Sur le total des sommes dues à Madame [C] [W] [T] et Monsieur [R] [S]
La S.C.I. [U] reste donc devoir à Madame [C] [W] [T] et Monsieur [R] [S] la somme de 188 euros pour entretiens divers.
Il y a donc lieu de condamner la S.C.I. [U] à payer à Madame [C] [W] [T] et Monsieur [R] [S] la somme de 188 euros au titre du remboursement des appels de provision sur charges versés indument par les locataires et au titre des soldes réclamés lors des deux décomptes annuels de charges.
Sur la demande reconventionnelle de condamnation de Madame [C] [W] [T] et Monsieur [R] [S] au paiement de la somme de 1 075,61 euros
L’article 1728-2° du Code Civil ainsi que les dispositions de l’article 7 de la loi du 6 juillet 1989 énoncent que le preneur est tenu de payer le prix du bail et les charges récupérables aux termes convenus.
Il ressort du décompte en date du 6 novembre 2023 et des conclusions de la S.C.I. [U] que Madame [C] [W] [T] et Monsieur [R] [S] restent lui devoir la somme de 1 075,61 euros, au titre des loyers et charges impayés.
Madame [C] [W] [T] et Monsieur [R] [S] ne justifient ni d’un paiement libératoire qui n’aurait pas été pris en compte par la société bailleresse, ni de l’existence d’un fait susceptible de les libérer de leur obligation au paiement des loyers et des charges.
Il convient dès lors de condamner Madame [C] [W] [T] et Monsieur [R] [S] à payer à la S.C.I. [U] la somme de 1 075,61 euros au titre des loyers et charges impayés au 6 novembre 2023.

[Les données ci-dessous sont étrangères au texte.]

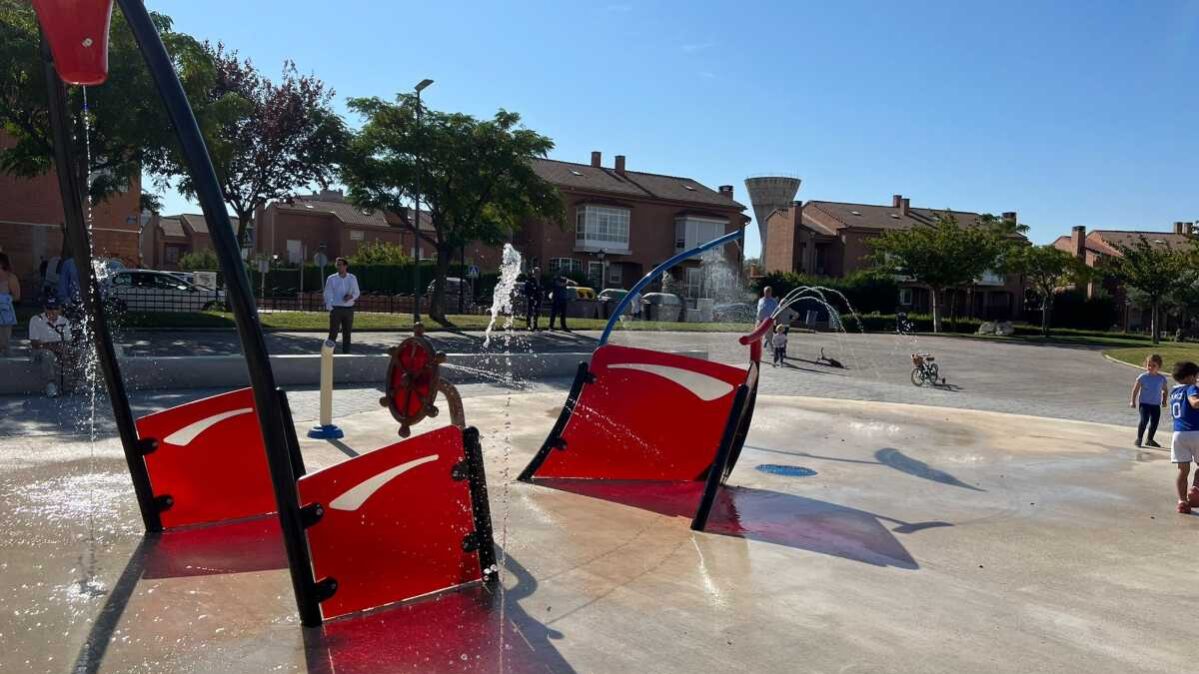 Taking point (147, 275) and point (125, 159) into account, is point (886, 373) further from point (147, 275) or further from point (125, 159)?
point (147, 275)

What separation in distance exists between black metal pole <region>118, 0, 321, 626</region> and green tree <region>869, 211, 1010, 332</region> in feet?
144

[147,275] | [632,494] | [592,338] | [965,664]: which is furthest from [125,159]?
[965,664]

Sur les demandes accessoires
Chaque partie succombant, l’équité commande de rejeter toutes les demandes relatives à l’article 700 du code de procédure civile.

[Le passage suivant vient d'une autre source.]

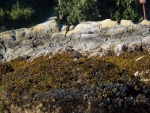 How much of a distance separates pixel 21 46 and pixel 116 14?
75.6ft

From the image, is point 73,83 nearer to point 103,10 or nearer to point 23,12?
point 103,10

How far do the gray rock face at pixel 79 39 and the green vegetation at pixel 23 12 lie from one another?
973 inches

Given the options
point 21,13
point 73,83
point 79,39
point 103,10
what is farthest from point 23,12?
point 73,83

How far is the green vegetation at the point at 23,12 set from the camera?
139 feet

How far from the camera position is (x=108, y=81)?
8.91 m

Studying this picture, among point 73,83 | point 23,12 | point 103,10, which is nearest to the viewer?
point 73,83

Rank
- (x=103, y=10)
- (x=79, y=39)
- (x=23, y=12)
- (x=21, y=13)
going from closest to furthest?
(x=79, y=39)
(x=103, y=10)
(x=21, y=13)
(x=23, y=12)

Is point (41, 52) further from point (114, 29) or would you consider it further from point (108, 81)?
point (108, 81)

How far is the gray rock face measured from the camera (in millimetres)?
12539

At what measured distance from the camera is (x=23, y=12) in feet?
141

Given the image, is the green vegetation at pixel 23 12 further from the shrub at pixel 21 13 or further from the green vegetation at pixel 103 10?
the green vegetation at pixel 103 10

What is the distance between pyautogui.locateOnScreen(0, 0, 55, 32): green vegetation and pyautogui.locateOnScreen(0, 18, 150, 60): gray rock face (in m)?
24.7

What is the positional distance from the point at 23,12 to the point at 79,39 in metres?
30.0

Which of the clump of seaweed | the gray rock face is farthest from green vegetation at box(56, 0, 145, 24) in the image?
the clump of seaweed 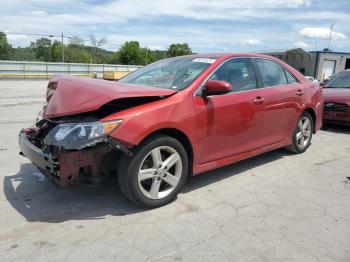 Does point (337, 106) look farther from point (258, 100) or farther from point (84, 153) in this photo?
point (84, 153)

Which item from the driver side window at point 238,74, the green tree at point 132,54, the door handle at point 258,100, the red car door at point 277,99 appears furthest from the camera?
the green tree at point 132,54

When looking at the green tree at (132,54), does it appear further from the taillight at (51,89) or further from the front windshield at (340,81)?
the taillight at (51,89)

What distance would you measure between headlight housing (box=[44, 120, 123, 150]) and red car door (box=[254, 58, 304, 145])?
2.35 meters

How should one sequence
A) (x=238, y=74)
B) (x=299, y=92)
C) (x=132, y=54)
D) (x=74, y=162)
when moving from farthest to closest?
(x=132, y=54) < (x=299, y=92) < (x=238, y=74) < (x=74, y=162)

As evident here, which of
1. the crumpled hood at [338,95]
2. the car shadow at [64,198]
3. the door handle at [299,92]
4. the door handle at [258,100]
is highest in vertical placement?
the door handle at [299,92]

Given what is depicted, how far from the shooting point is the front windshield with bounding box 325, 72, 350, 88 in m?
9.19

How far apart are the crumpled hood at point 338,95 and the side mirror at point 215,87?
16.5 feet

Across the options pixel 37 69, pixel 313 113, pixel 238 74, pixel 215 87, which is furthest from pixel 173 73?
pixel 37 69

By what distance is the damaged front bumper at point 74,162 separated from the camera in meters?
3.31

En outre, il convient de condamner Madame [C] [W] [T] et Monsieur [R] [S], d’une part, et la S.C.I. [U], d’autre part, à supporter leurs propres dépens.
Il convient de rappeler qu’en vertu de l’article 514 du code de procédure civile, l’exécution provisoire du présent jugement est de droit.
PAR CES MOTIFS
Le juge des contentieux de la protection, statuant publiquement, par jugement mis à disposition au greffe, contradictoire et rendu en premier ressort,
DECLARE la demande recevable, car l’action des demandeurs n’est pas prescrite ;
DIT que les charges doivent être divisées en trois parts et non en quatre ;
REJETTE la demande de condamnation de la S.C.I. [U] par Madame [C] [W] [T] et Monsieur [R] [S] au paiement de dommages et intérêts ;
CONDAMNE la S.C.I. [U] à payer à Madame [C] [W] [T] et Monsieur [R] [S] la somme de 188 euros (cent quatre-vingt-huit euros) au titre du remboursement des appels de provision sur charges versés indument par les locataires et au titre des soldes réclamés lors des deux décomptes annuels de charges ;
CONDAMNE Madame [C] [W] [T] et Monsieur [R] [S] à payer à la S.C.I. [U] la somme de 1 075,61 euros (mille soixante-quinze euros et soixante-et-un centimes) au titre des loyers et charges impayés au 6 novembre 2023 ;
REJETTE le surplus des demandes ;
REJETTE toutes les demandes relatives à l’article 700 du code de procédure civile ;
CONDAMNE Madame [C] [W] [T] et Monsieur [R] [S], d’une part, et la S.C.I. [U], d’autre part, à supporter leurs propres dépens ;
RAPPELLE qu’en vertu de l’article 514 du code de procédure civile, l’exécution provisoire du présent jugement est de droit ;
AINSI JUGÉ ET PRONONCÉ, le 24 octobre 2025, par Denis TAESCH, président, et signé par lui et la greffière.